I looked down, not wanting to see anymore but not wanting to leave, the idea that this might escalate from a hug killed me. I knew Ben had a thing for her and I had made it pretty clear to Skye that he did, so she should know this wasn't ok. I sucked in a deep breath and tried to regain my composure, I'm sure they are just friends, I told myself, you need to trust Skye. I raised my eyes back to where they were standing inside, every single thought I had about trusting Skye flew out of my body, Ben was holding her face and leaning down to kiss her. She didn't move, she didn't pull away, she just let him kiss her. My heart felt crushed inside my chest, I was watching another guy kiss my girlfriend and she did nothing to stop it. Pain spiked through my chest, I backed away from the window and into the street, I couldn't even think straight. Not even 12 hours ago we were in a hotel room together, it was the happiest I had ever been and now she was here kissing Ben.

I barely remember walking home, I had been so distracted by the thoughts that I had been played, that she didn't love me, that she was seeing Ben, that I had this coming. Now I was laying on my bed and I was still thinking all of those things as I looked up at my ceiling. This wasn't like the time she 'accidentally' agreed to a date with Ben, she kissed him, she cheated on me and there was no way she would do that if she felt the same way about me as I did about her. The idea of cheating on her and hurting her like that made me feel sick to my stomach, I would never do it. The fact that she had done it to me cut me so deep, my chest was physically aching and my mind began to think about what happened between them after I left tonight. That crap thought was interrupted by my phone ringing, I brought it up to my face and saw it was Skye that was calling. I didn't know whether to answer it or not, would she admit what she had done, would she pretend like it hadn't happened, did I want to hear her out, what good reason would she have for cheating on me? I thought about all of these things and eventually my phone stopped ringing as the call went to voicemail. Not even 5 seconds later my phone was ringing again, it was Skye and I realised I didn't want to speak to her, I pressed the ignore button, this was too much. Every time I get to a point where I am completely happy with this girl something comes along and crushes me, I can't keep doing this to myself, I was right when I said I didn't want a girlfriend.

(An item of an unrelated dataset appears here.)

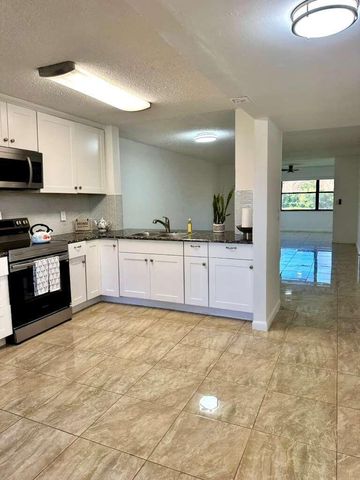 4691 Lucerne Lakes Boulevard 104, Lake Worth, FL 33467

My phone vibrated indicating I had a text message, I opened it to see it was from Skye, 'Wesley, I really need to speak to you. Can you call me please'. I deleted her text message, I knew I had gotten mad at her for doing the same thing to me but at least I read hers first. I sat there for a while not knowing what to do next, I was done with having a girlfriend, it only seemed to end up with me getting my heart smashed. My phone rang again but I ignored it, then it vibrated with another text from Skye asking me to call her, but I was done listening to her, she could talk all she wanted now, I had no interest in hearing what she had to say anymore. Regardless of everything she had ruined, I still wanted to do the right thing and not just ignore her so I sent her a text back, 'Please don't call me or text me anymore. We are done'. I figured she'd realise I had seen her at the yogurt shop kissing Ben, I didn't feel like I needed to explain anymore why I we were over. This whole situation was so messed up, I locked my phone and threw it across my bedroom, watching it smash against the wall. I was so angry at Skye for ruining everything, I was so hurt by what she did, but mostly I couldn't believe that she had broken my heart.